The model revealed that many of the exotic clouds proposed over the years are difficult to form because the energy required to condense is too high. Silicate clouds condense easily, however, and dominate over a 1,200-degree Kelvin range of temperatures: from about 900 to 2,000 Kelvin – a range of about 1,000 degrees Celsius.
According to the model, in the hottest atmospheres, aluminum oxides and titanium oxides condense into high-level clouds. In exoplanets with cooler atmospheres, those clouds form deeper in the planet and are obscured by higher silicate clouds. On even cooler exoplanets, these silicate clouds also form deeper, leaving clear upper atmospheres. At even cooler temperatures, ultraviolet light from the star converts organic molecules like methane into extremely long hydrocarbon chains that form a high-level haze akin to smog. This smog can obscure lower-lying salt clouds of potassium or sodium chloride.

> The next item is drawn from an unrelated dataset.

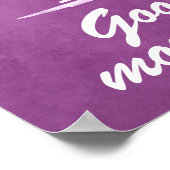 Guten Morgen Kaffeeküche Schild Poster (Ecke)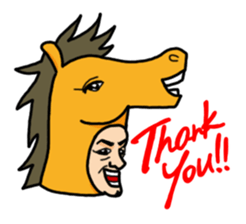 Horse-Old Man sticker #5464075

For those astronomers seeking a cloudless planet to more easily study the gases in the atmosphere, Gao suggested focusing on planets between about 900 and 1,400 Kelvin, or those hotter than about 2,200 Kelvin.
Dr Wakeford added: “The presence of clouds has been measured in a number of exoplanet atmospheres before, but it is when we look collectively at a large sample that we can pick apart the physics and chemistry in the atmospheres of these worlds.
“The dominant cloud species is as common as sand — it is essentially sand — and it will be really exciting to be able to measure the spectral signatures of the clouds themselves for the first time with the upcoming James Webb Space Telescope.”
Future observations, such as those by NASA’s JWST, scheduled for launch within a few years, should be able to confirm these predictions, and perhaps shed light on the hidden cloud layers of planets closer to home.
Peter Gao said that similar exotic clouds may exist at depths within Jupiter or Saturn where the temperatures are close to those found on hot Jupiters.
He added: “Because there are thousands of exoplanets versus just one Jupiter, we can study a bunch of them and see what the average is and how that compares to Jupiter.”
He and his colleagues plan to test the model against observational data from other exoplanets and also brown dwarfs, which are basically gas giant planets so massive they’re almost a star. They, too, have clouds.
Jonathan Fortney of UC Santa Cruz, another co-author, said: “In studying planetary atmospheres in the solar system, we typically have the context of images. We have no such luck with exoplanets. They are just dots or shadows.
“That’s a huge loss in information. But what we do have to make up for that is a much larger sample size. And that allows us to look for trends — here, a trend in cloudiness — with planetary temperature, something that we just don’t have the luxury of in our solar system.”
Peter Gao was supported by NASA’s postdoctoral program and a 51 Pegasi Fellowship from the Heising-Simons Foundation.